Well I am not sureIf I can do this are not. But I have been doing some studying on some of these new shells. I have a S&W waterfowler shot gun, I have 3 chokes. With steel shot, I shoot MOD, IC chokes. I use BB and #2's H/V winchester shells.  l was lookin for like better pattern out at 30 and 40 yds than what I was getting. well with a MOD choke at 30 and 40 yds the #2 1 3/8 blind side. Man that stuff is awesome. Less than 20 yds all the shot stays in a 20 inch circle and 30 and 40 in side a 29 1/2 inch circle. I also pattern a browning over and under.
I was so impressed I am  going to use  it this weekend.
Larry


----------



## mizzippi jb (Sep 2, 2011)

winchester makes some good stuff.  Only thing I was wondering about was the weight of the payload.  They claim that stacking em in there makes more room for more shot, but ain't 1 and 3/8 ounce of shot still just 1 and 3/8 ounce of shot?  Just a question.  Still would like to try em on some mallets.


----------



## Alan D. (Sep 2, 2011)

I'm wanting to try them out this year also. I used black clouds last year and loved them but I just dont like paying that much for shells. So this year I want to look into some cheeper options like kent silver steel.


----------



## Larry Young Jr (Sep 2, 2011)

mizzippi jb said:


> winchester makes some good stuff.  Only thing I was wondering about was the weight of the payload.  They claim that stacking em in there makes more room for more shot, but ain't 1 and 3/8 ounce of shot still just 1 and 3/8 ounce of shot?  Just a question.  Still would like to try em on some mallets.
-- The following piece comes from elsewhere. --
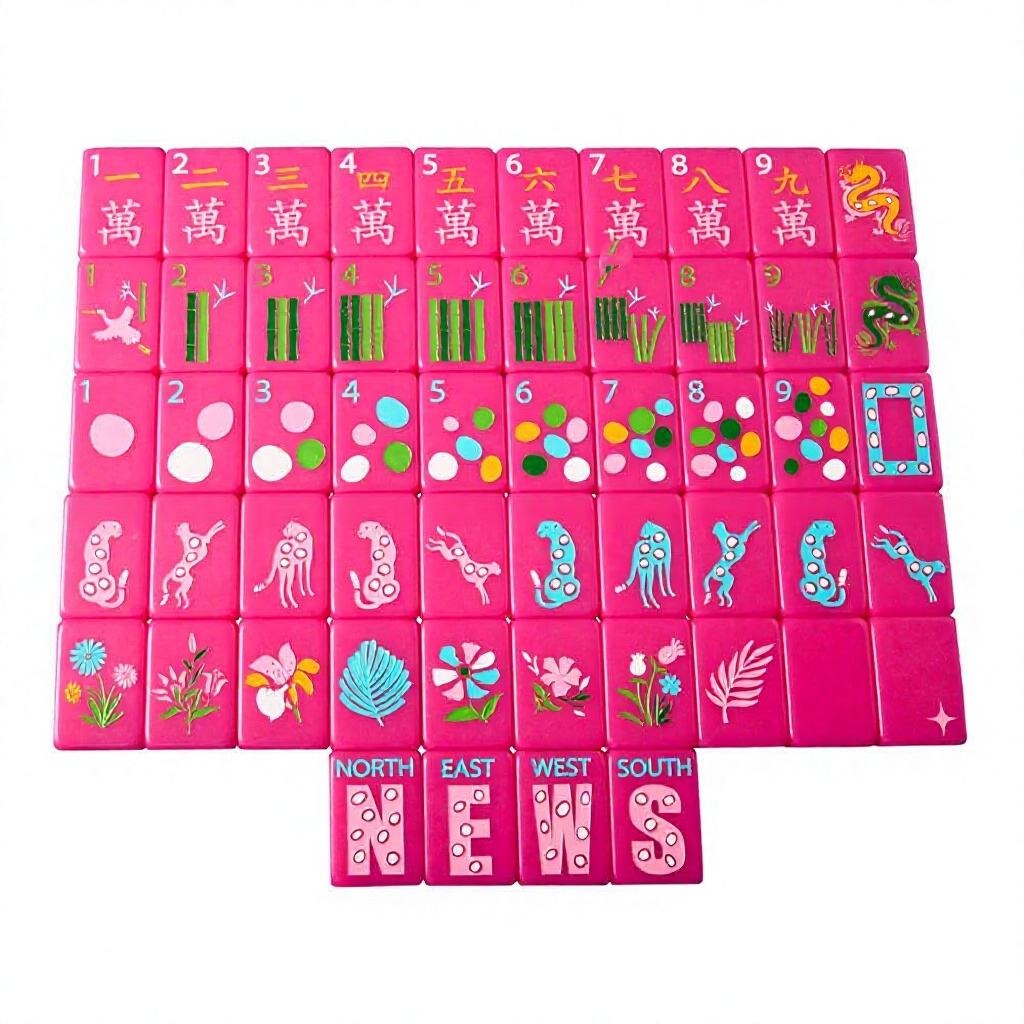 Vibrant Hot Pink Mahjong Tiles Set 160pcs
I am going to try them on some geese tomorrow.
Larry


----------



## swampninja (Sep 2, 2011)

Good report Larry. I am always looking for an advantage. I shoot a kicks smoke light mod. choke and it is ported. Did you try it with a slick or ported choke. Is it even recommended in ported chokes? Just some questions any help will be appreciated. I know black cloud shoots a little tighter than most loads do you feel blindside performs the same?


----------



## Larry Young Jr (Sep 2, 2011)

The chokes we use were factory chokes that come with the gun, No fancy chokes. you might try shooting 10,20,30 yds with MOD choke and IC choke these shells in our test really  tighten our patterns up at 30 to 40 yds.
Larry


----------



## jwb72 (Sep 2, 2011)

mizzippi jb said:


> winchester makes some good stuff.  Only thing I was wondering about was the weight of the payload.  They claim that stacking em in there makes more room for more shot, but ain't 1 and 3/8 ounce of shot still just 1 and 3/8 ounce of shot?  Just a question.  Still would like to try em on some mallets.



I saw a thread, can't remember where now, where a guy tested the Blind Side. They performed well and when he cut one open he found that they weren't stack as advertised. They were just loose in there like normal shells are. But, his report was impressive even so.


----------



## Larry Young Jr (Sep 3, 2011)

jwb72 said:


> I saw a thread, can't remember where now, where a guy tested the Blind Side. They performed well and when he cut one open he found that they weren't stack as advertised. They were just loose in there like normal shells are. But, his report was impressive even so.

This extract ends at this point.